Fuel suppliers4 also will be covered by cap and trade; however, how to compute the threshold and surrender obligation is still undecided. For “transportation fuels” (gasoline, diesel and liquid biofuels), computation options identified in the PDR include: net carbon content (with or without some portion of each fuel’s lifecycle emissions), direct combustion emissions and lifecycle carbon intensity factor. Under the ARB’s December 2008 Scoping Plan, these entities were to be included in cap and trade beginning in 2015; however, ARB is also considering bringing these sources into the system as early as 2012.
How Many Allowances Will There Be? §95890, 95910
The PDR sets out an “Allowances Base Budget” for 2012 to 2020; however, these numbers are described as “preliminary and for illustrative purposes only,” to be revised as part of the continued stakeholder participation process on cap setting.”5 However, it is clear from the illustration that the total number of allowances will decrease annually during each compliance period from 2012 to 2020.6 ARB staff contemplates developing a process for administrative adjustments to the base allowance to account for severe over or under allowances while still assuring the integrity of the declining total cap. An adjustment process is also being considered to account for voluntary investment in renewable sources of electricity.
How Will Allowances Be Allocated? Subarticles 8 and 10
Significantly, the mechanism for allocating allowances available under the cap and trade system has not yet been specified. How many allowances will be freely distributed and under what formula? How many allowances will be auctioned? These issues await the January 2010 report of the Economic and Allocation Advisory Committee (EAAC), a panel of financial and economic experts appointed to advise ARB on these issues, and should be specified in the next version of the PDR due in spring 2010.
The PDR does provide certain hints, however. It indicates that the percentage of allowances allocated for auction likely will be “significantly more” than the 10 percent minimum recommended under the Western Climate Initiative (WCI). It also raises the prospect that, “in principle,” some portion of allowances (or the proceeds from their sale or auction) could be allocated to parties other than the business entities subject to cap and trade.7
Will Offset Credits Be Available? §95970; §§96220 - 96430
An extensively debated issue has been the availability and requirements for offset credits. ARB staff’s analysis has resulted in a numerical limit for offset currently set at just under 4 percent for each covered entity. Thus, any business subject to cap and trade can satisfy no more than 4 percent of its total surrender obligation using offset credits. The remaining 96 percent will have to be satisfied with allowances, either those allocated freely or those purchased through auction or trades.

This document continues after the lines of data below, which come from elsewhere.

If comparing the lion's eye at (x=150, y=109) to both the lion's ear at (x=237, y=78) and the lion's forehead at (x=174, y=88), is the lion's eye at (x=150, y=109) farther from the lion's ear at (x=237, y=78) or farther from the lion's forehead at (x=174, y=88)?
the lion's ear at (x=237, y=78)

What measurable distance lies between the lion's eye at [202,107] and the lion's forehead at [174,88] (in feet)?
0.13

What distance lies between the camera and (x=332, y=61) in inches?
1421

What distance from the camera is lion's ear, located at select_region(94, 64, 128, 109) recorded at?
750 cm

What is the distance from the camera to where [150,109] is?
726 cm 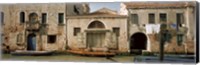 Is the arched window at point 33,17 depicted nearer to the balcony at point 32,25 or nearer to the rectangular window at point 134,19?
the balcony at point 32,25

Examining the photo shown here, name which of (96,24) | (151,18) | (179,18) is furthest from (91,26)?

Discussion of the requirements for creating and recognizing offset credits is the lengthiest subject addressed, comprising 24 pages. Staff concedes that the topic “involves complex legal, enforcement and administrative issues that require public comment and staff consideration.” PDR at p. 60. The governing principle is that offset credits must represent a reduction, avoidance or sequestration of GHG that is “real, additional, quantifiable, permanent, verifiable and enforceable.” Id. Specific requirements for offsets to be registered include ARB approval of the quantification methodology used, including requirements to address activity shifting and market shifting leakage; annual accredited verification statements; monitoring, reporting and record retention for offset projects; and reversal of credits later found to be invalid.

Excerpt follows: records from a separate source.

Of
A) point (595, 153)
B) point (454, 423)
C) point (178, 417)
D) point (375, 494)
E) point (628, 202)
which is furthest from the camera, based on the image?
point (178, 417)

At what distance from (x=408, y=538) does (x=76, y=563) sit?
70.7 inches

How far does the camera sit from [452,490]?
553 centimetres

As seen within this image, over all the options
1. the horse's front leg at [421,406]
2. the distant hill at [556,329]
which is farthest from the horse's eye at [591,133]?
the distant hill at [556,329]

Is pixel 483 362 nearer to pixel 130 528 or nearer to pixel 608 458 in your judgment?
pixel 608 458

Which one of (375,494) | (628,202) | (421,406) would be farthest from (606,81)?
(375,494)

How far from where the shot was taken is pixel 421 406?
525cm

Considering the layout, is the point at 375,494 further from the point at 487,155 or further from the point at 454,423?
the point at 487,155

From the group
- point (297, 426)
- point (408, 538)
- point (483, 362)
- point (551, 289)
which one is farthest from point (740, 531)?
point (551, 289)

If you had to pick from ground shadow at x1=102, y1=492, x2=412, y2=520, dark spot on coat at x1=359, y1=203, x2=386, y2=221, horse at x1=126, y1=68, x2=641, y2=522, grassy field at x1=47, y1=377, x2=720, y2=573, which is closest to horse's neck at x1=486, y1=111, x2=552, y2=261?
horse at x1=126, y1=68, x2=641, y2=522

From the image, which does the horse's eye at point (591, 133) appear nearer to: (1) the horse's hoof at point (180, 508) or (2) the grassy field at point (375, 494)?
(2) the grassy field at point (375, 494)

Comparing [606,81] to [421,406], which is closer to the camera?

One important issue on which ARB staff explicitly requests comment is the geographic area for which ARB itself would review and issue offset credits. Significantly, the PDR confirms that ARB will not limit the geographic area of potential offset projects. However, unless ARB itself reviews and issues credits for projects located outside California, businesses would be limited to credits issued by other GHG compliance systems specifically approved by ARB under the “linkage” provisions discussed below.
Availability of Allowances and Offsets from External GHG Systems §§96150 -96200
Allowances and offset credits from external GHG emissions trading systems (e.g., WCI or the EU’s ETS) are potentially available under the concept of “linkage.” ARB would implement any linkage through a formal “linkage” Memorandum of Agreement. Each proposed linkage also would be subject to public notice and comment.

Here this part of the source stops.